It's been 30 years since Hilary Swank found steady work as a performer in the short lived ABC sitcom "Camp Wilder."
Since then, she's found fame on the big screen and won Oscars for "Boys Don't Cry" and "Million Dollar Baby."
Thursday evening, she returns to ABC, in "Alaska Daily."
"I look at (it) as a human drama that follows a disgraced journalist, Eileen Fitzgerald, on her road to redemption," says the show's creator Tom McCarthy.
He won an Academy Award for writing "Spotlight"-which also won the top award as "Best Picture" of 2015.
"Tom McCarthy had me at hello," Hilary Swank told WABC Entertainment Reporter Sandy Kenyon. "He's got an eye for, obviously movies, but also for the long game. Like his creativity, it's like this river that just flows, and it flows into everything he does and it will flow right into a series."
The series is about more than just the redemption of a single journalist.
"It's a story about how the missing and murdered indigenous women crisis is being largely ignored," is how the character played by Jeff Perry explains it in the first episode.
The issue came as a revelation to Tom McCarthy.

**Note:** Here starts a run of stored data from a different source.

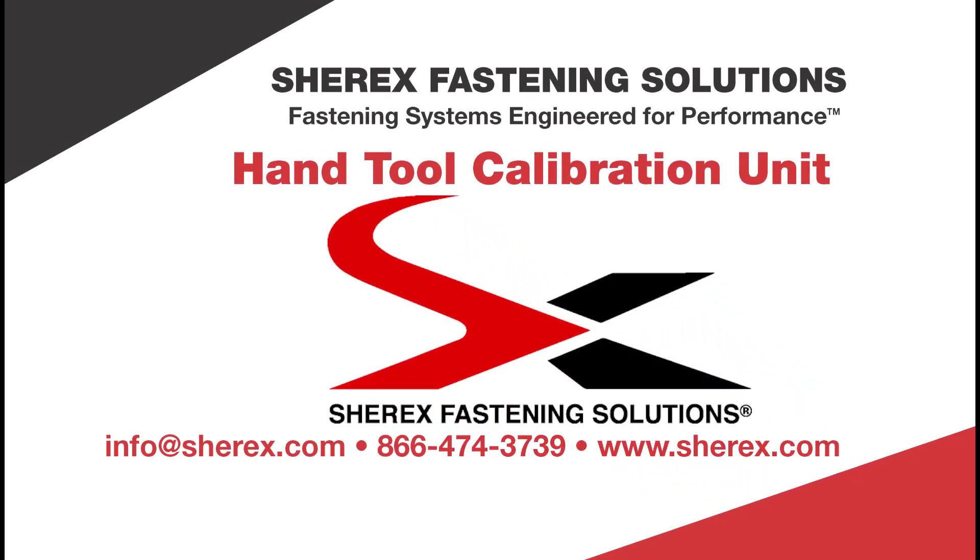For any questions, please visit our website at sherex.com/calibration-unit.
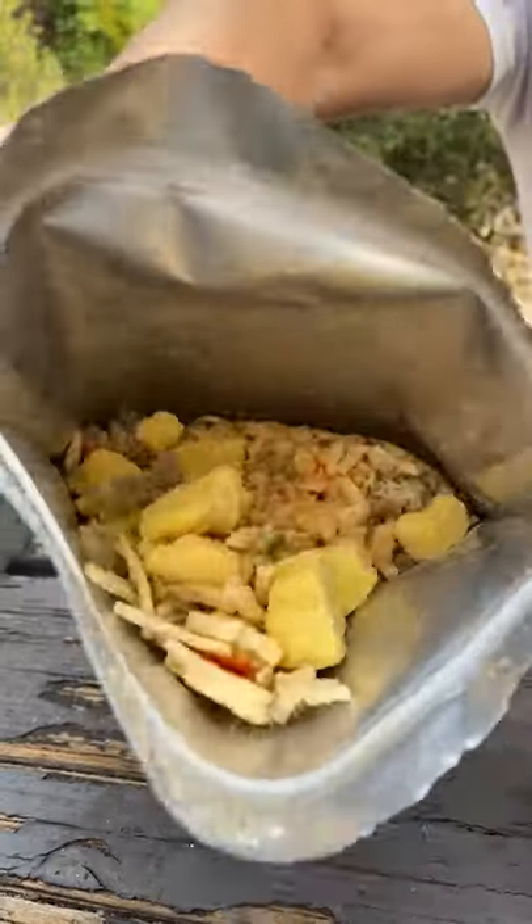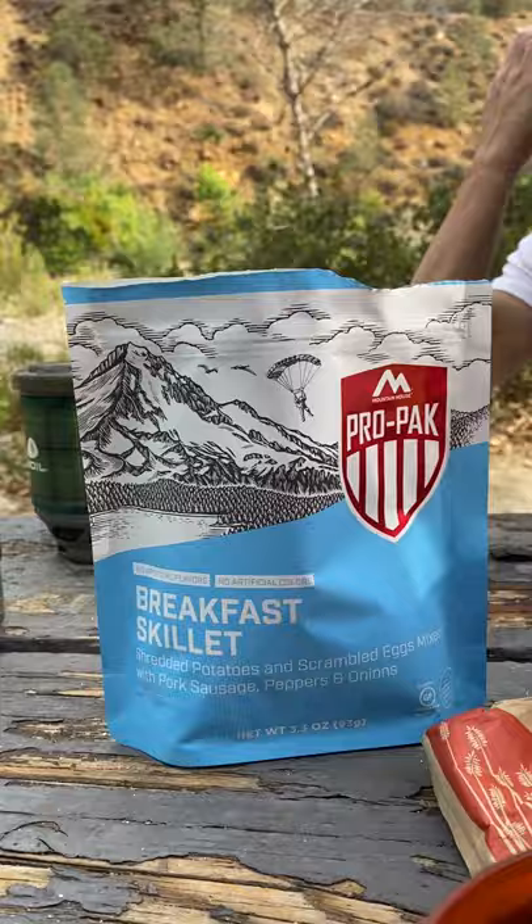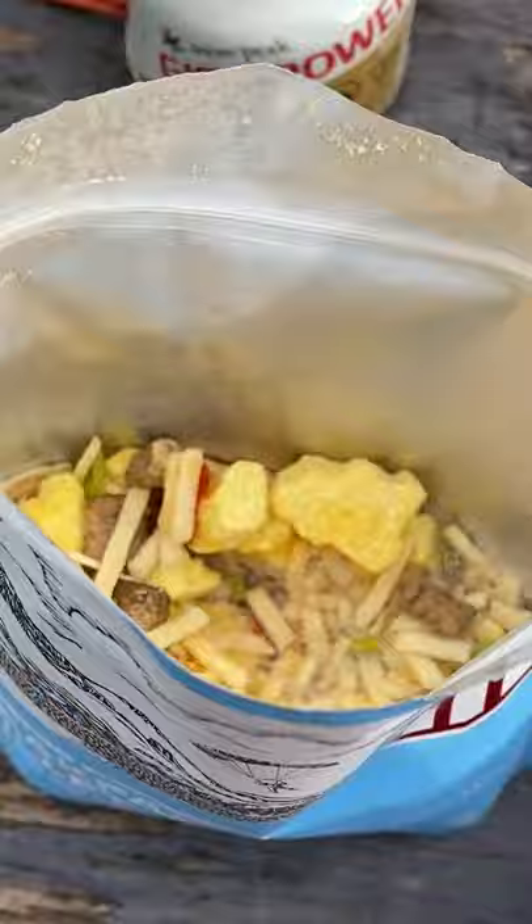Have you ever eaten one of these before? This weekend we went camping and Doug and his cousin brought this breakfast skillet camping meal. These are usually meals that have been dehydrated or freeze dried so it's lighter to carry when you're backpacking.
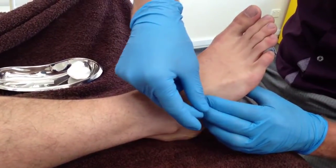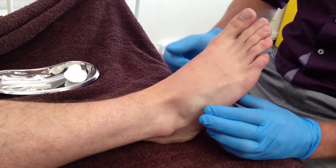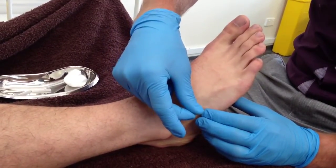The main precautions for this area, however, include the deep peroneal nerve and the dorsal vessels of the foot that run just medial to the extensor hallucis brevis muscle. Medial angulation when needling this muscle should be avoided.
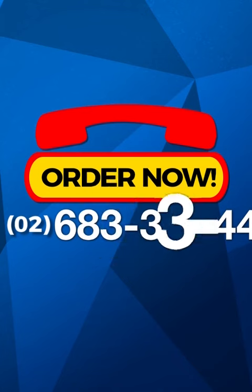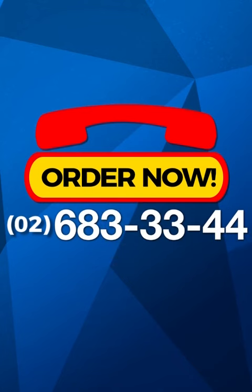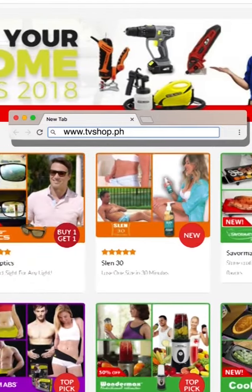Order now by calling 683-3344. That's 683-3344. Our friendly operators are standing by right now to take your call, or visit our website at tvshop.ph, where you'll find this and many other exciting new products.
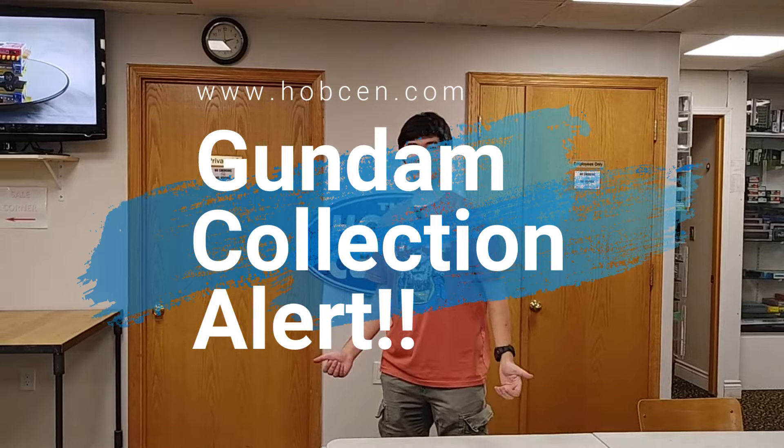Hello, Anthony at the Hobby Sire here, and we have some great news to tell you. For the first time ever, we have our first Gunpla collection, and today we'll look through it and I'll show you what's inside the box.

"Truth be told I really underestimated the profound tragedy and pain associated with that crisis," he said.
The audience learns about the crisis along with Swank's character who is teamed-up with another reporter played by Grace Dove who hails from one of the First Nations of Canada.
"To represent indigenous people in the way that we deserve, it's incredible," Dove said.
"Alaska Daily" airs Thursday nights on ABC. Check your local listings.